I like a mix of both...


----------



## crossbowman (Apr 26, 2006)

I prefer mostly classical architecture...although a well designed modern building always catches my eye!


----------



## TalB (Jun 8, 2005)

It's hard for me to tell which is better b/c they both have good qualities.


----------



## DecoJim (Dec 6, 2005)

In the 1920s and 30s Art Deco was considered modern but since "modern" generally means "less is more" international style post WWII architecture, I selected "Other" (Art Deco).
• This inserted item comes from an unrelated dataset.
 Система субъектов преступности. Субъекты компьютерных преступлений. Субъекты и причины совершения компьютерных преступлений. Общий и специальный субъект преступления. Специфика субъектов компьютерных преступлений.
I do like neo-classical and its variants quite a bit but not as much as Art Deco.


----------



## LuckyLuke (Mar 29, 2005)

crossbowman said:


> I prefer mostly classical architecture...although a well designed modern building always catches my eye!


Dito!


----------



## El_Greco (Apr 1, 2005)

classical


----------



## _zner_ (May 24, 2005)

modern! kay:


----------



## Minato ku (Aug 9, 2005)

I love the mixed style


----------



## 24gotham (May 29, 2004)

I respect the past, I live in today.


----------



## flyin_higher (May 16, 2003)

I like most types of architecture. Usually a good building is not so much about the style as about its quality of design and construction. Besides, the contrast in architectural styles is what makes our cities interesting.


----------



## Magic Night (Mar 22, 2006)

steveowevo said:


> I like a mix of both...


Me too.


----------



## kamil.bukowski (Mar 14, 2006)

I love only moder architecture


----------